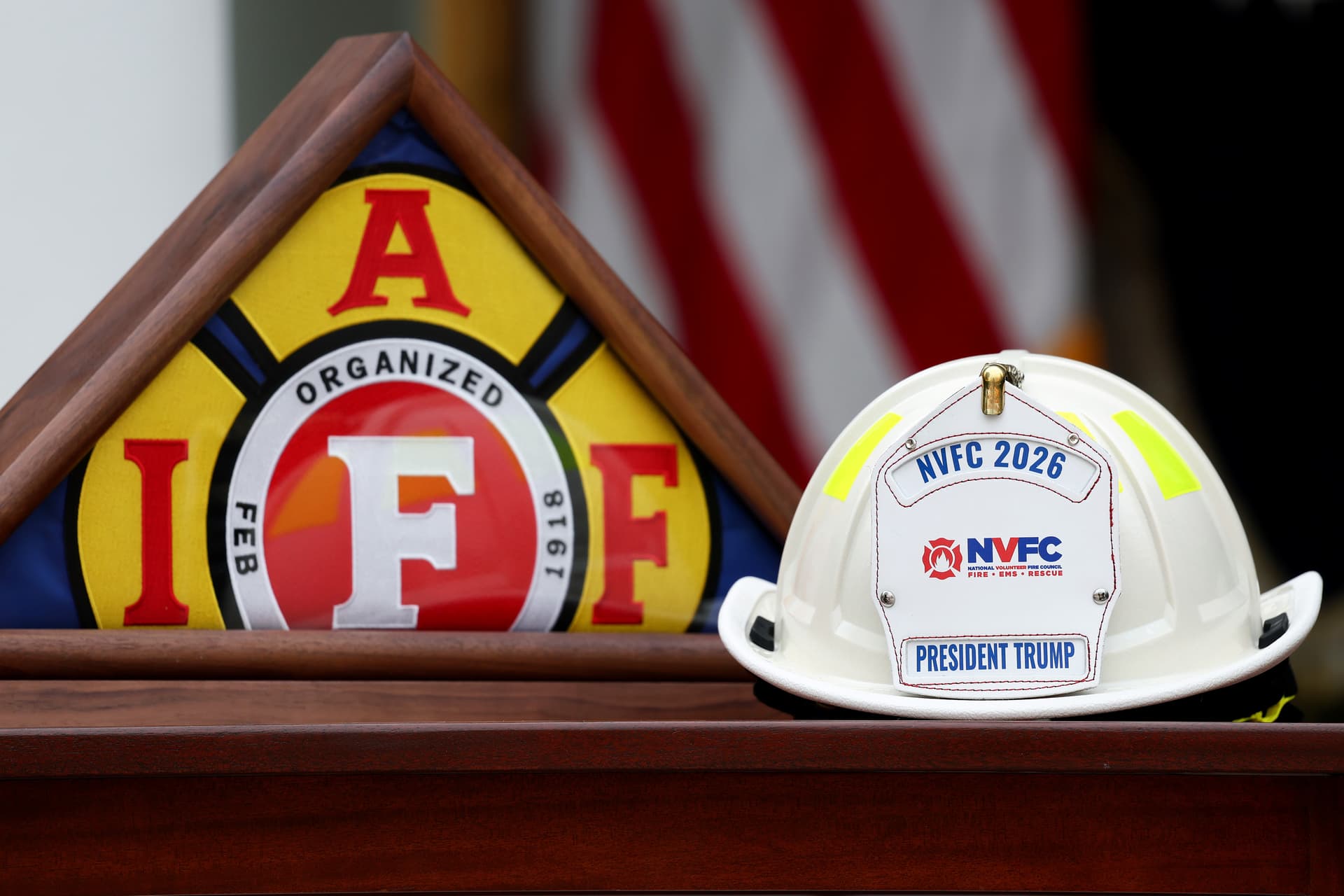 An International Association of Fire Fighters flag and National Volunteer Fire Council helmet are displayed ahead of a luncheon in the Rose Garden of the White House on Oct. 15, 2026. President Trump held the luncheon to honor first responders from across the country. (Kevin Dietsch/Getty Images)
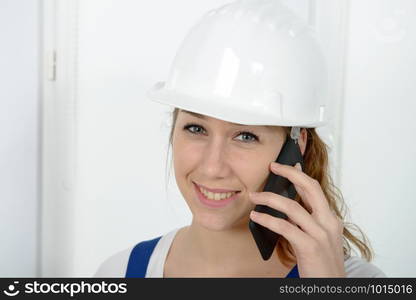 a young engineer woman with safety hard hat talking on phone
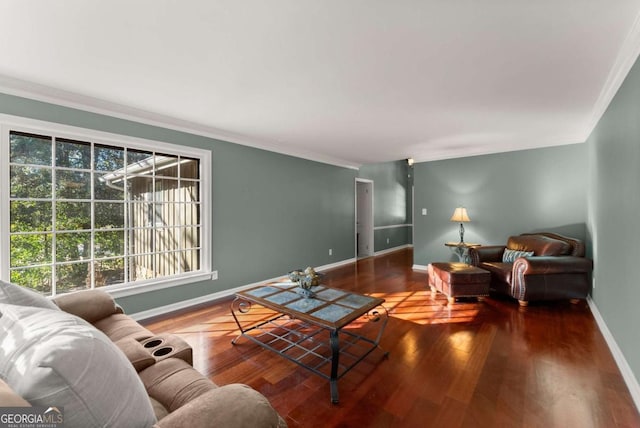 living room featuring crown molding and hardwood / wood-style floors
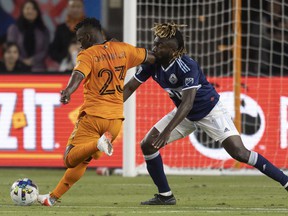 Houston Dynamo FC forward Darwin Quintero (23) strikes the ball against Vancouver Whitecaps FC midfielder Leonard Owusu (17) in the first half at PNC Stadium.  Photo: Thomas Shea-USA Today Sports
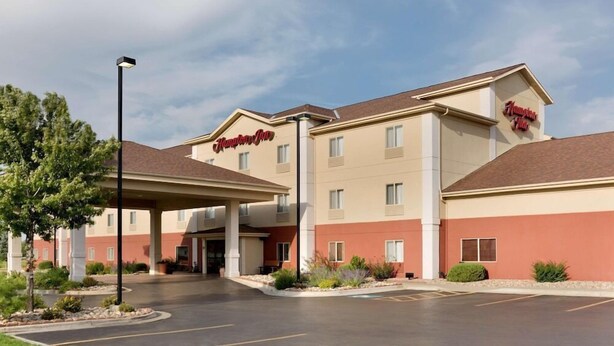 Ett Hampton Inn-hotell med en ingång som är skyddad från väder och vind, en parkeringsplats och en klar himmel.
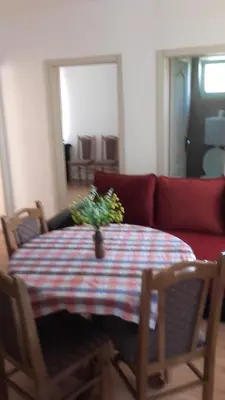 a living room with a table and a red couch at Apartment Pavlovic in Soko Banja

━━━━━━━━

To do
All the lines above should be reproduced exactly, and none of the pictures.

Task output
 An International Association of Fire Fighters flag and National Volunteer Fire Council helmet are displayed ahead of a luncheon in the Rose Garden of the White House on Oct. 15, 2026. President Trump held the luncheon to honor first responders from across the country. (Kevin Dietsch/Getty Images)
 a young engineer woman with safety hard hat talking on phone
 living room featuring crown molding and hardwood / wood-style floors
 Houston Dynamo FC forward Darwin Quintero (23) strikes the ball against Vancouver Whitecaps FC midfielder Leonard Owusu (17) in the first half at PNC Stadium.  Photo: Thomas Shea-USA Today Sports
 Ett Hampton Inn-hotell med en ingång som är skyddad från väder och vind, en parkeringsplats och en klar himmel.
 a living room with a table and a red couch at Apartment Pavlovic in Soko Banja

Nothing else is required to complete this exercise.